Steve Robillard

Personal information
- Born: June 23, 1984 (age 42) Montreal, Quebec, Canada

Sport
- Country: Canada
- Sport: Short track speed skating

Medal record
Men's short track speed skating
Representing Canada
World Championships
| Gold medal – first place | 2005 Beijing | 5000m relay |
| Silver medal – second place | 2008 Gangneung | 5000m relay |
World Team Championships
| Gold medal – first place | 2005 Chuncheon | Team |
| Silver medal – second place | 2008 Harbin | Team |
Junior World Championships
| Silver medal – second place | 2002 Chuncheon | 2000m relay |
| Silver medal – second place | 2002 Chuncheon | 1000 m |
| Silver medal – second place | 2002 Chuncheon | 1500 m |
| Bronze medal – third place | 2003 Budapest | 2000m relay |

= Steve Robillard =

Short track speed skater

Steve Robillard (born June 23, 1984) is a Canadian retired short track speed skater and World Champion in men's relay.

==Career==
Robillard started speed skating at the age of 3. He was top ranked junior in Canada in 2002 after he won three medals at the 2002 World Junior Short Track Speed Skating Championships.

Robillard debuted in senior competitions during the 1999-2000 season when he first entered World Cup events. During his career, Robillard set world records, including the record of 2.15:383 at 1500 m he set on 12 October 2001 in Calgary.

His senior career went up in 2004. During the 2003-04 World Cup season, he achieved his first personal podiums at the last World Cup stage in Bormio where he was second at both 1000 m and 3000 m as well as third in general classification of the stage. He also won the team relay in Bormio and was second with team Canada in Mladá Boleslav.

The next season brought him more success. During the 2004-05 World Cup season, Robillard was third at 1500 m in Saguenay and then reached top-3 in all races in Spišská Nová Ves: second at both 500 m and 1500 m as well as third both at 1000 m and in general classification. He also helped team Canada to win medals in relays at all six World Cup stages, being victorious in two World Cup relays and winning two silver and two bronze medals. That season he became 2004 World Champion in men's relay as well as World Team Champion.

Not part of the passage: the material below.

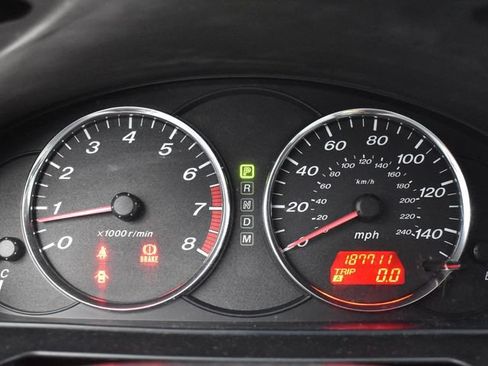 Used 2004 MAZDA MAZDA6 i FWD image 8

Robillard missed the 2005-06 season and therefore was not able to qualify for the 2006 Winter Olympics. During the 2006-07 season, Robillard clinched one gold and one silver in men's relays.

Robillard managed to recover in the 2007-08 season when he won a silver in men's relay at the 2008 World Championships and another silver at the World Team Championships as well as two relay medals at the World Cup. That season became the last in his sporting career and he retired from competitive sports.

After his sporting career, Robillard became a coach. He coached Maxime St-Jules.